They have been the ones applying discipline around registration and self-quarantine for people returning from hard-hit areas. But she admits that amid the constant messaging from the government, she is now “terrified” about the virus.
Outside her residence, a banner with large white characters on a red background has been hung, calling for the epidemic to be brought under control. “Track, alert, isolate and treat as quickly as possible,” it reads.
Raise the Party flag
In China, political propaganda is never far away. “Let us raise the Party flag in the face of the epidemic,” demands one slogan shared on social media in Zhejiang, an eastern province with the second highest number of infections in the country.
In Hubei, the central province at the heart of the outbreak, the messages are downright threatening. “Those who do not declare their fever are enemies,” proclaims a banner photographed on a building in Yunmeng.
In the same quarantined district, another slogan deliberately sows fear. “To visit each other is to kill each other,” it reads. “To get together is to commit suicide.” Neighbours are also being encouraged to report on each other elsewhere in the country, especially if they suspect anyone is from Hubei.
Zhao said that a car registered in Hubei had been spotted in her neighbourhood. “Everyone is looking for the owner,” she said. Some areas are even offering financial incentives for those who inform on their neighbours.
The streets and parks where people usually gather in all weather to chat, dance, workout or play cards are hopelessly empty. Northwest of Beijing, an elderly woman surnamed Zhu refuses to be supplied with groceries — even if it is simply a matter of neighbours leaving the food outside her door.

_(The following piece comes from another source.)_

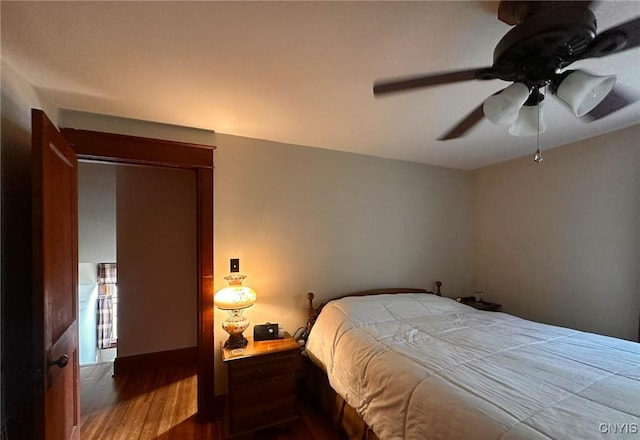 700 Elm St, Rome-Inside, NY 13440 - bedroom with wood finished floors and a ceiling fan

“Definitely not. We don’t visit neighbours,” said the former government official, aged 84, who believes she purchased enough supplies before the Lunar New Year, which fell in late January. “We can last a month,” she said.
The communist regime has rarely faced as much pressure in recent years as the huge outpouring of grief and anger it met after the death from the virus last week of a doctor from Wuhan, the city at the heart of the epidemic.
Li Wenliang was among a group of people who sounded the alarm about the virus in late December, only to be reprimanded and censored by the authorities.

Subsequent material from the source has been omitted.